The traditional view of family is the group of people into which a person is born: mother father, siblings, grandparents, aunts, uncles and cousins in any combination. This is the group which a child creates their initial identity and forms their vision of their place in the world. This is the group to which they belong.
Many years ago in these pages I wrote something very similar on this subject. My conclusion was that family is something that evolves over time to include not only the group into which you were born but, a greater group to which you want to belong or wants you to belong.
In March 2019 my granddaughter Gabby was born. Her birthday is one day before the date shared by my grandmother and son. My Granny was a wonderful, kind woman who gave me a love for authentic Old World food, inspired wonder in the world and looked over me from above at age 49 as I completed the bike ride from Cleveland to Cincinnati along US 42 I traced on the Sohio folding map when I was age seven. My son was an outgoing, extremely friendly young man who enjoyed listening to baseball, music, playing all sorts of games and hoped for a family of his own. He left us too soon.
I think about them both all the time, especially in the spring. I think about planting flowers with my Granny and throwing the ball with my son. I miss them both.
Shortly after Gabby as born, I got a call from my son’s friend Chris that he was coming home to Cleveland from Dallas and he was bringing his family. Jon and Chris had been best friends since the age of six. They caught frogs, turtles and snakes together, played games together, rode bikes together, adventured together. Jon and Chris: always together.
On June 1, 2019, after the Union golf outing, my daughter Michele had a party at her house in Columbia Station. I left the outing as soon as I could. When I walked in the house the first person I saw was Chris. He was older, a little heavier, had a beard, but there was no denying it was him. We hugged a long hug that said ‘welcome home’ without either of us having to use the words.
I sat for hours listening to him talk about about Dallas and his life in Texas. I met his wife and three children: two girls and a boy. I always thought of him as a second son and seeing him as an adult with his family fills me with a happiness I cannot put into words.
The four of us, Jon, Michele, Chris and myself sang “Rosalita” as loud and long as we could. The family was back together. Chris was home.
My wife watches Gabby a couple days a week. It has been the greatest joy of my life watching to two of them together. Gabby calls my wife Magga and I’m Papa. Gabby and Magga grow flowers together, make chalk drawings on the driveway together, play games together, read together and go on adventures together.

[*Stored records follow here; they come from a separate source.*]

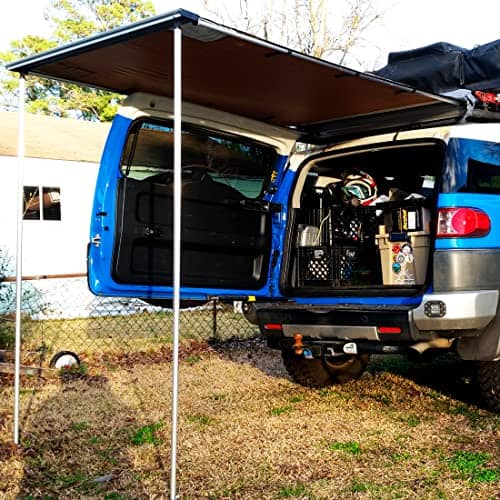 Toldo retráctil ARB 814301 1250 x 2100 mm Accesorios 4x4, - Imagen 10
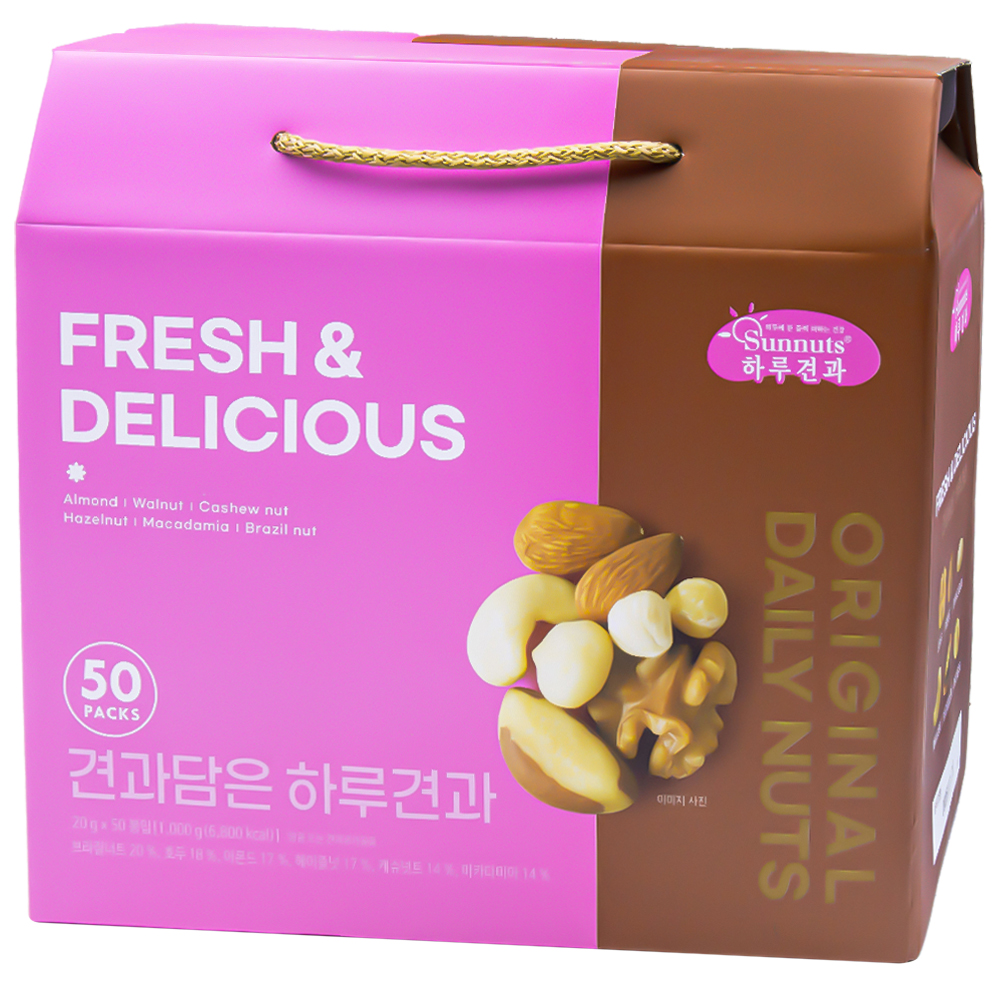 선명농수산 하루견과 견과담은 하루견과 20g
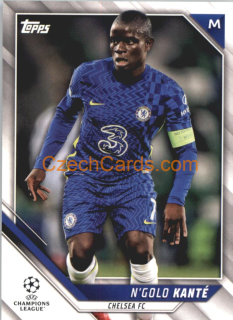 N'Golo Kante 2021/22 Topps UCL #39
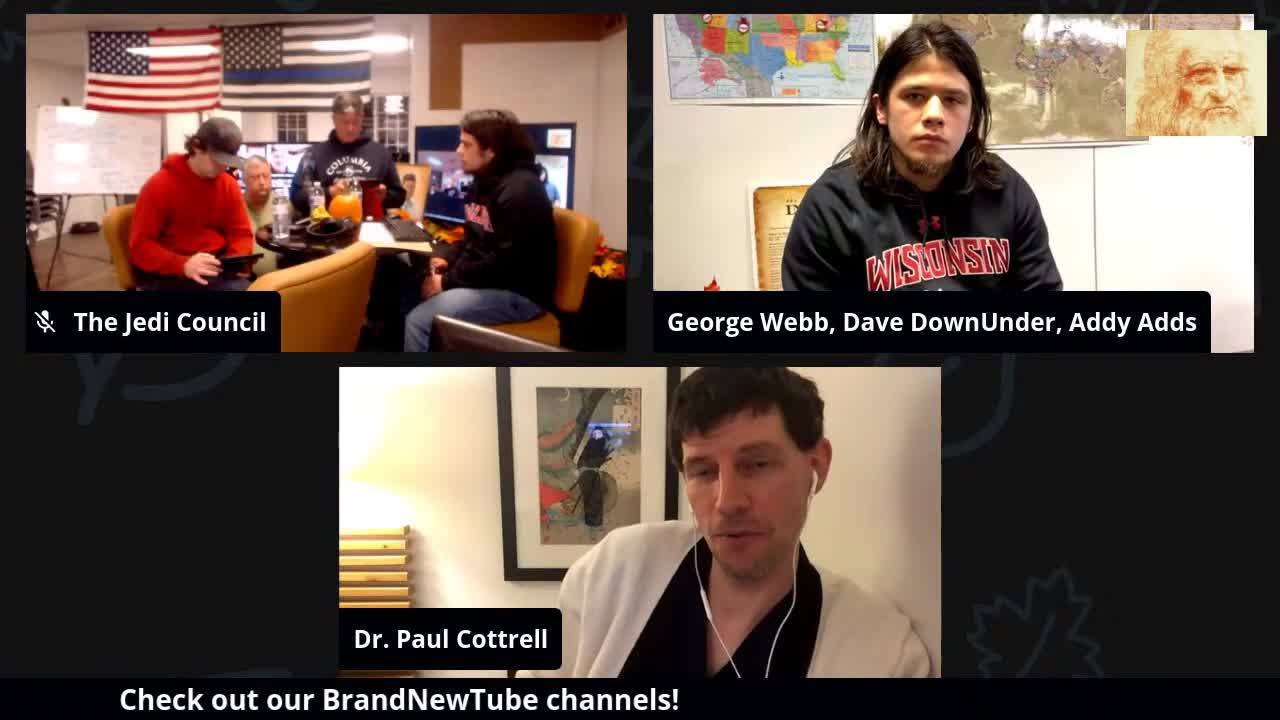 Election week with George Webb & Paul Cottrell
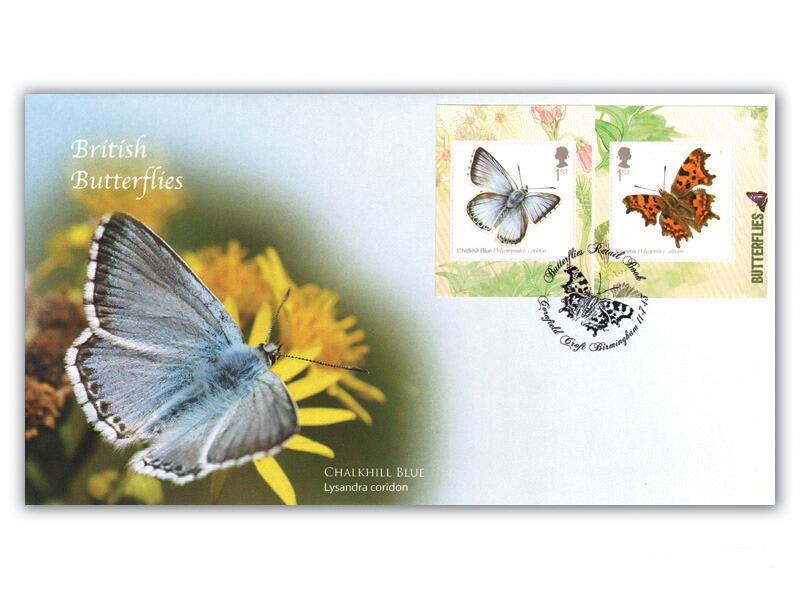Butterflies - Stamps from the Retail Booklet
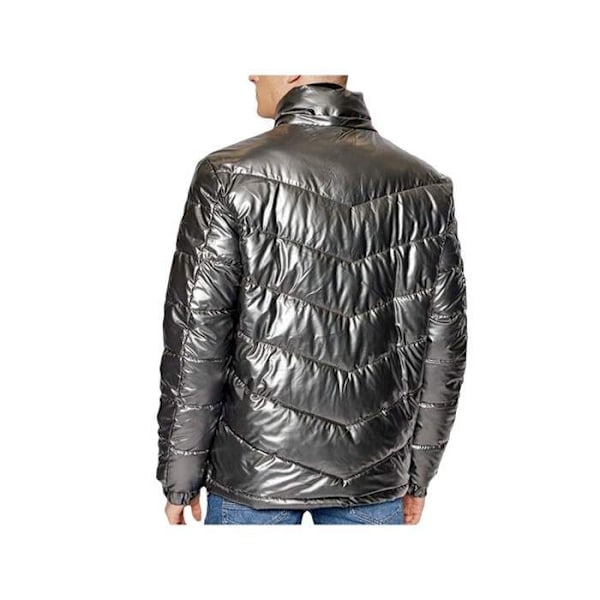 Doudoune Guess Mænd Classic sølv Argent Syntetisk Pengar M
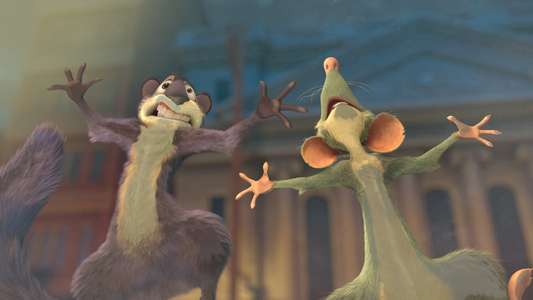 The Nut Job - Backdrop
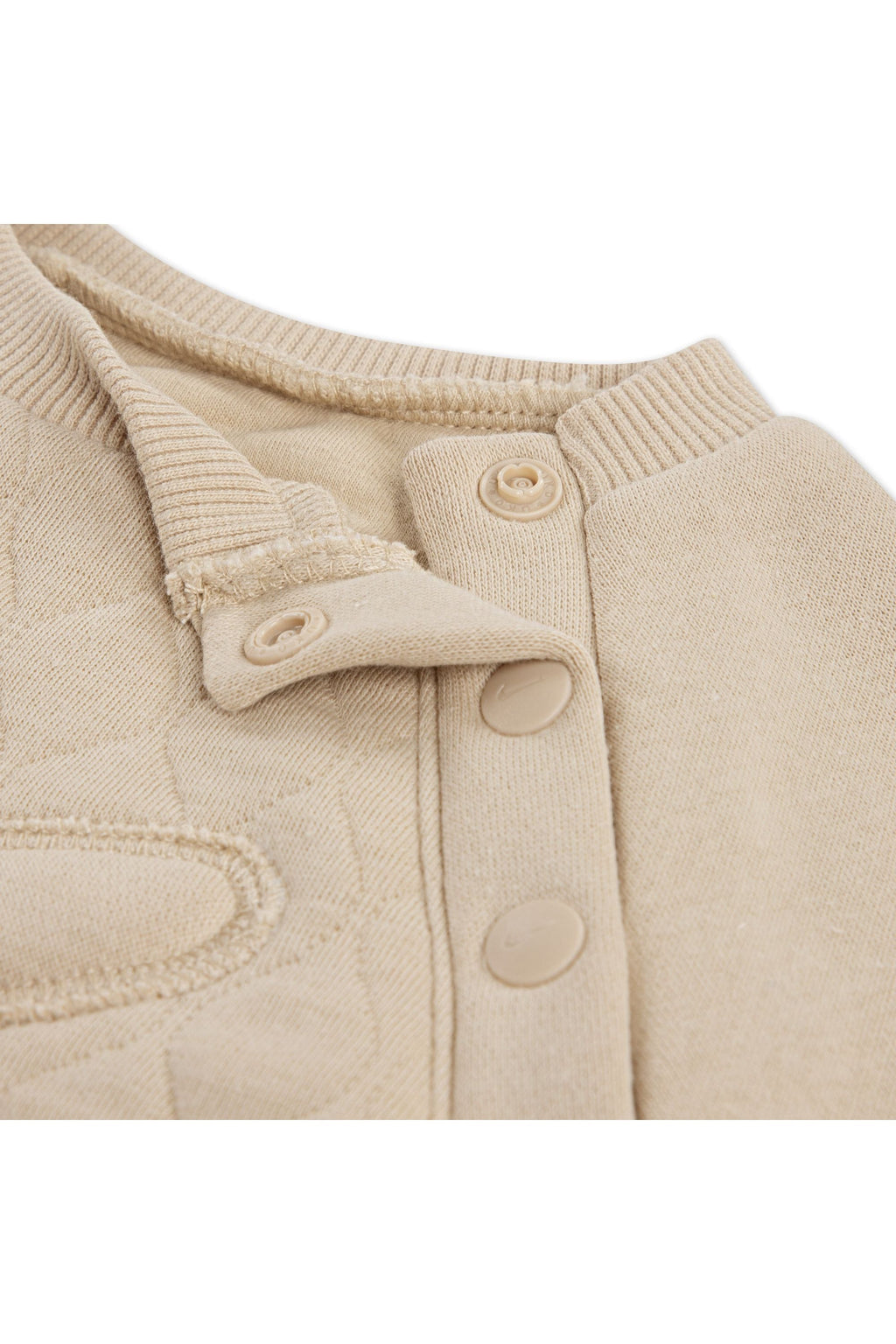 אוברול NIKE אפור עם רקמת לוגו לתינוקות BEIGE / 12M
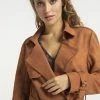 Usha Trench - Braun -Usha Elegant Magasin 5c1159258be44c8797eaaa2cf1aba8eb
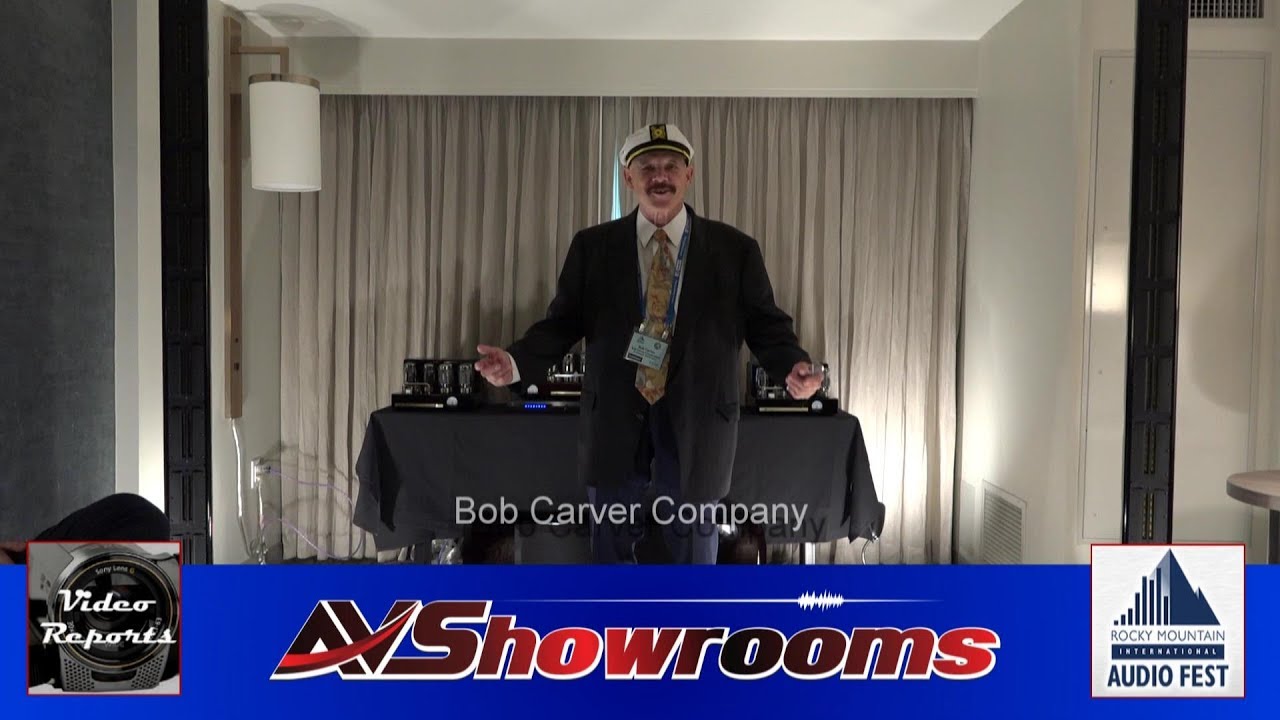 Bob Carver Company, tube amplifiers and loudspeakers, RMAF 2017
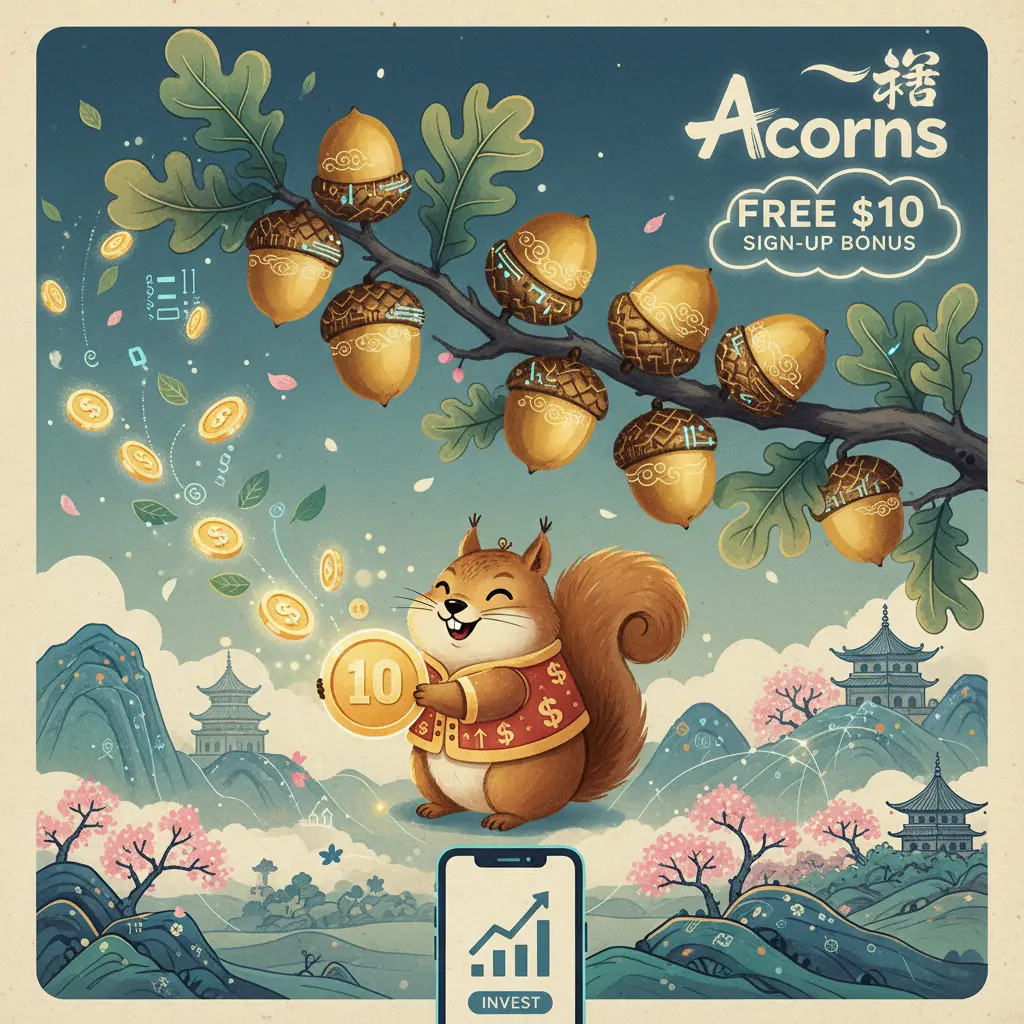 free $10 sign up bonus - Acorns
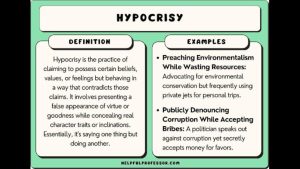 Read more about the article Hypocrites: Mastering the Art of Graceful Confrontation and Empowerment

The other day I came home from work, washed up and took a seat in my chair. My wife was sitting with Gabby, her arm about her reading a book, the two of them in a moment only the two of them could share. How will Gabby’s world be defined? What will be the group with which she defines herself? How big will her world be? Grandmother and granddaughter, always together.
Until next month,
Work smart, work safe and slow down for safety.